This is an implmentation of QHT and QQHTD, as described in the paper "Quotient Hash Tables - Efficiently Detecting Duplicates in Streaming Data", published in SAC'19. QHT is a very efficient duplicate detection algorithm.
This implementation is written in C++17. A Rust implementation is also available.
The current implementation also supports item deletion. Note however that by definition of probabilistic filters, we cannot be sure a deletion does not have side effects (i.e., also deleting another element with same hash and fingerprint at the same time).

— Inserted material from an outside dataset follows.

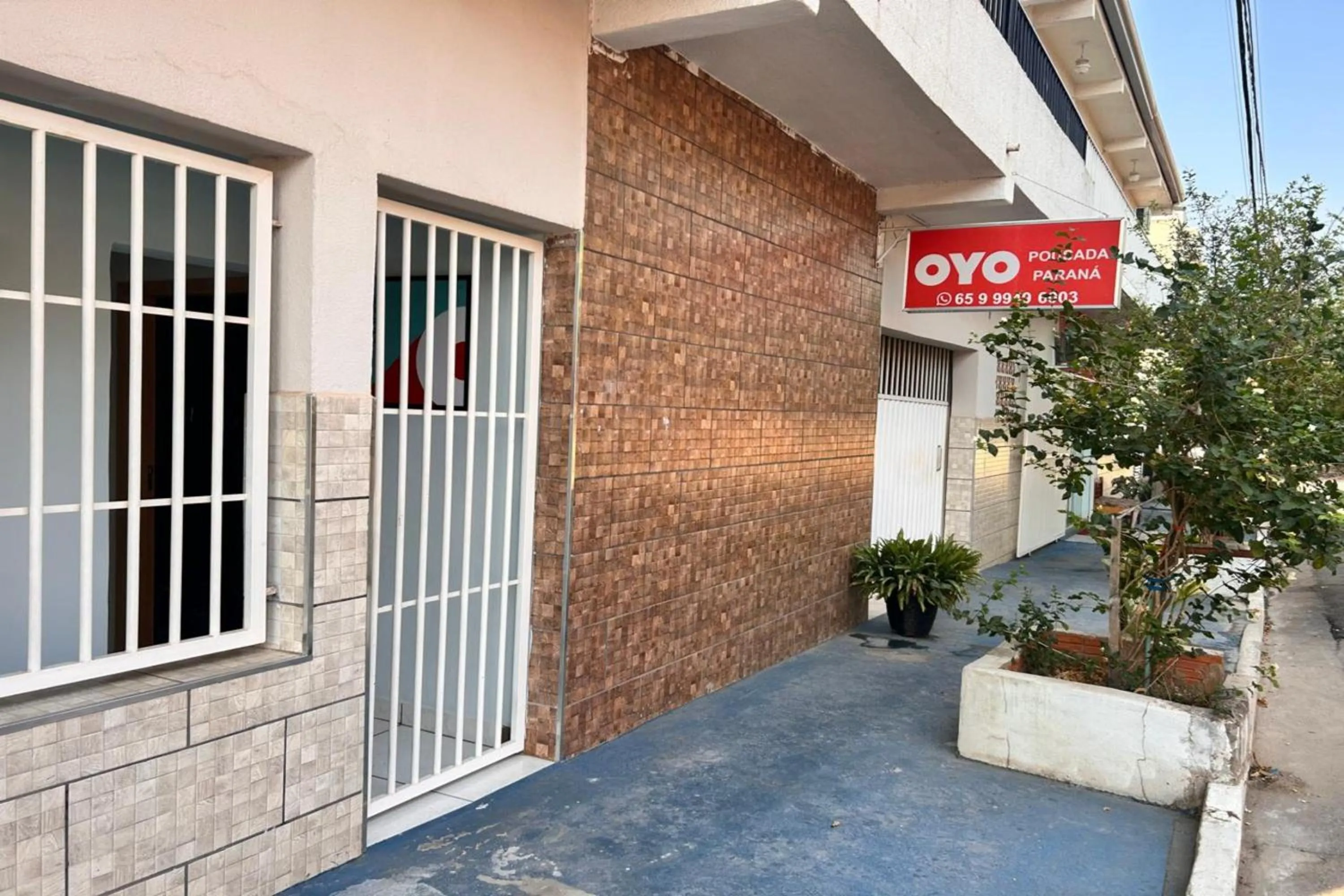 Property building in OYO Pousada Paraná, Cuiabá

The file src/main.cpp contains examples, we reproduce here a basic use:
#include <qht.h> // Or qqhtd.h
int main() {
// Instanciate QHT of 1024 bits, 2 buckets per cell, 1 bit per bucket
auto filter = QHTFilter<std::basic_string<char>>(6500, 2, 1);
filter.Stream("42"); // Stores the element "42", returns false as 42 was unseen
filter.Stream("43");
filter.Delete("42"); // Removes the element "42" from the filter
filter.Lookup("42"); // returns false
filter.Lookup("43"); // returns true
return 0;
}
Currently, a filter can store one of the following types:
const std::vector<T>&
const std::basic_string<T>&
const std::array<T, N>&
const std::initializer_list<T>&
QHT relies on xxhash64 hashing, especially, we use RedSpah implementation (BSD-2 license, cloned the 2019/04/01). See xxhash_cpp license in lib/xxhash64/LICENSE.